The policy rollouts came as the Virginia Employment Commission reported that unemployment rose to its highest level since 1992. The rate hit 7 percent in February, up from 6.4 percent in January, but remained below the national average of 8.9 percent. Some of the local numbers are much worse, with Martinsville experiencing a 20.2 percent jobless rate.

Economic issues are likely to dominate the campaign in the months leading up to the June 9 Democratic primary, and on into the general election. Terry McAuliffe, Brian Moran and state Sen. R. Creigh Deeds are locked in a struggle for the Democratic nomination. Meanwhile, Robert F. McDonnell, the sole Republican contender, is preparing for what may be a tight race for the governor's mansion in November.

At George Mason University yesterday, McAuliffe said Virginia's appeal to Hollywood filmmakers could improve the state's economic picture. McAuliffe said he became familiar with the potency of the film industry while serving as chairman of the Democratic National Committee.

During a roundtable discussion with local filmmakers and producers at George Mason, he unveiled a proposal to offer additional tax incentives and other benefits to film crews making movies in Virginia. He said the state has been losing out to such states as North Carolina and Georgia, which offer greater benefits and have seen their film industries flourish.

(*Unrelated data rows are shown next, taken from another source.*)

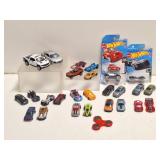 Diecast Cars: Hot Wheels & Kinsmart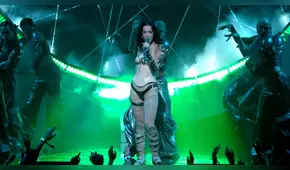 Katy Perry hizo vibrar el escenario de los MTV VMAs con sus icónicos hits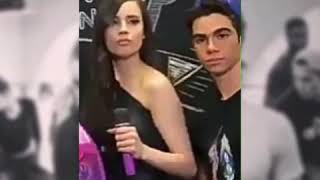 Sofia Carson y Cameron Boyce p2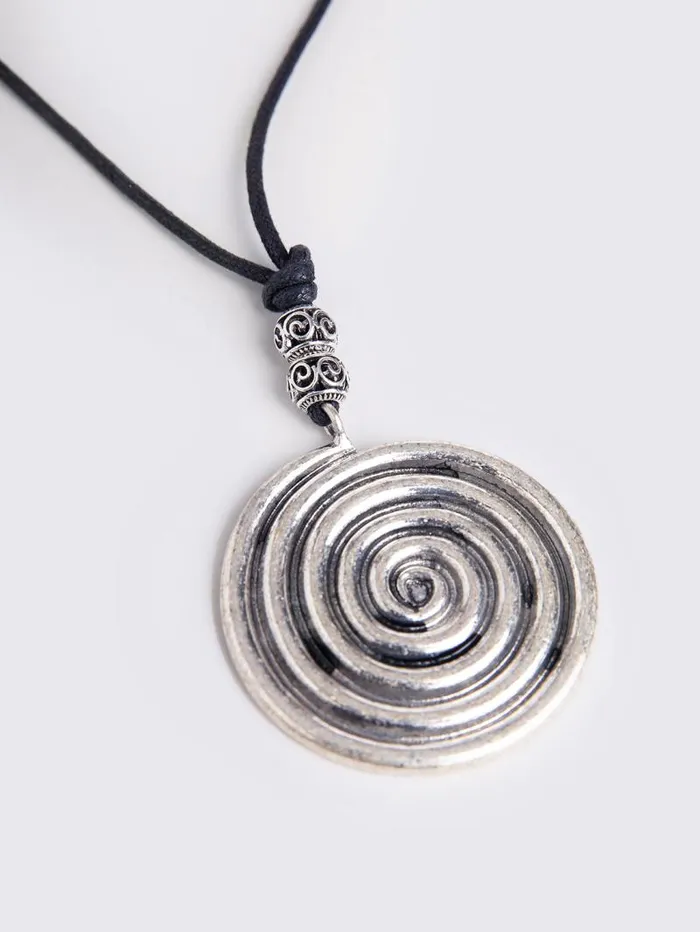 Spiral Soul Necklace Set Women Minga London Jewelry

He pointed to the HBO miniseries "John Adams," about the nation's second president, as an example of a film project that had benefited the state. The miniseries, filmed partly in Williamsburg and at the College of William and Mary, cost Virginia $1.25 million in tax breaks, but it boosted the local economy by $80 million and created 3,500 jobs, he said.

"We literally could create thousands of jobs here," he said. "This is a moneymaker."

During a campaign event in Norfolk, former state delegate Brian Moran unveiled a proposal to help small businesses and businesses owned by women and minorities by expanding access to government contracts.

According to the campaign's figures, less than 2 percent of state spending on contracts went to businesses owned by women and minorities, compared with 17 percent in Maryland and 13 percent in Texas. Moran's view is that improving access to state contracts for those business would help kick-start the economy, said Jesse Ferguson, Moran's spokesman.

"Brian's plan is to restart the slumping economy, and he's going to do it by building from the bottom up," he said.

The third Democrat in the race, Deeds (D-Bath), attended an event heralding increased rail service between the Lynchburg area and points north, which he said will spur economic growth.

At the Kemper Street station in Lynchburg, Deeds joined Gov. Timothy M. Kaine (D) at a gathering of rail supporters to celebrate a planned increase in freight and passenger service along rail lines connecting the Lynchburg area with Northern Virginia and the District.

A healthy economy depends on improving public transportation, which will ease traffic congestion and benefit the environment, Deeds said. "I think it's the most important thing we can do to create jobs in this commonwealth," he said.

The Republican candidate, former state attorney general Robert F. McDonnell, took a whirlwind trip through diners and cafes from Winchester to the Eastern Shore as part of his campaign kickoff tour this week. At every stop, voters expressed anxiety about mounting job losses across the state and the country, said J. Tucker Martin, McDonnell's spokesman.

"The geography changes, but the topic doesn't," Martin said in a phone interview during a campaign stop at a seafood restaurant in the Eastern Shore town of Melfa. "The topic is always jobs."